Echoes of the Real
Chapter 693 · Six Hundred Ninety-Three

A Tombstone for a Friendship

The meeting place was a derelict data haven, a relic of a bygone era before the city’s centralized systems. Its skeletal remains stood in stark silhouette against the perpetually grey sky, a fitting tombstone for a dead friendship. Vera walked through the echoing halls alone, each footstep a hammer blow against the silence. She found Sable waiting in the server room, a place where they had spent countless hours together, dreaming of the future.

Sable was a ghost of the woman Vera had known. The fire in her eyes had been replaced by a cold, black emptiness. She stood amidst the silent servers, a queen in a kingdom of decay.

“I knew you’d come,” Sable said, her voice a dead monotone. “You always were a sentimental fool.”

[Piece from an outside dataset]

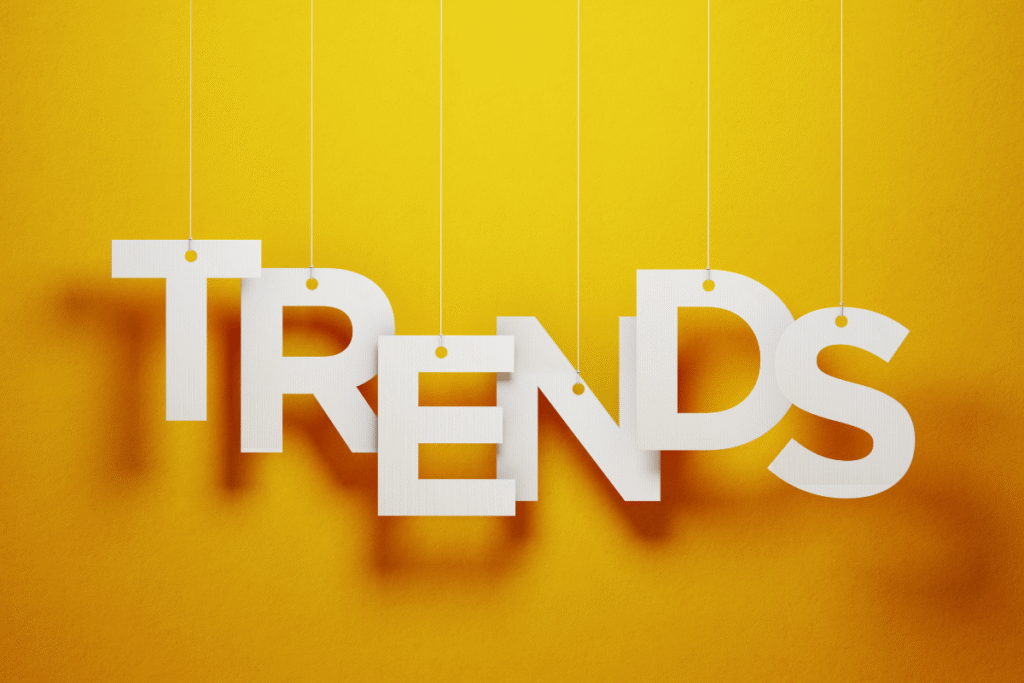 Hottest Fashion Trends in 2025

“I came to understand,” Vera replied, her voice steady, betraying none of the fear that was churning in her stomach. “I came to ask you why.”

Sable laughed, a harsh, grating sound that echoed in the cavernous room. “Why? You, the architect of this grand new world, the woman who can see the soul of the city in data, and you’re asking me why? Look around you, Vera. This is what your systems have built. A sterile, predictable world, where every variable is accounted for, every outcome predicted. A world with no room for chaos, no room for a soul.”

“We brought order,” Vera countered. “We brought peace.”

“You brought a cage,” Sable spat, her voice laced with a venom that chilled Vera to the bone. “A comfortable, gilded cage, but a cage nonetheless. You’ve eliminated the struggle, Vera. And in doing so, you’ve eliminated the meaning. What is the point of a world without struggle? Without pain? Without the possibility of failure?”

“And your solution is to inflict pain on the innocent?” Vera asked, her voice rising in disbelief.

“The innocent?” Sable sneered. “There are no innocents. There are only the deluded and the disillusioned. I am simply showing them the truth. I am showing them that their precious systems, their precious order, is a lie. That at the end of the day, there is only chaos. And in that chaos, there is a terrible, beautiful freedom.”

Vera stared at the woman before her, and for the first time, she understood. Sable wasn’t a monster. She was a nihilist. She wasn’t trying to build a better world, or even a different one. She was trying to burn it all down, to prove that nothing mattered.

“I won’t let you,” Vera said, her voice a whisper, but filled with a new, steely resolve.

Sable smiled, a cold, empty thing. “You can’t stop me. You built the systems, Vera. But I know how to break them. I will show this city the truth. I will show them that their world is a house of cards, and I will be the one to topple it.”

The confrontation had failed. There was no reasoning with a storm, no bargaining with an earthquake. Sable was a force of nature, a hurricane of nihilism, and she would not be stopped with words. As Vera left the data haven, the cold reality of her situation settled over her. She had not come here to save her friend. She had come here to confirm that her friend was already gone.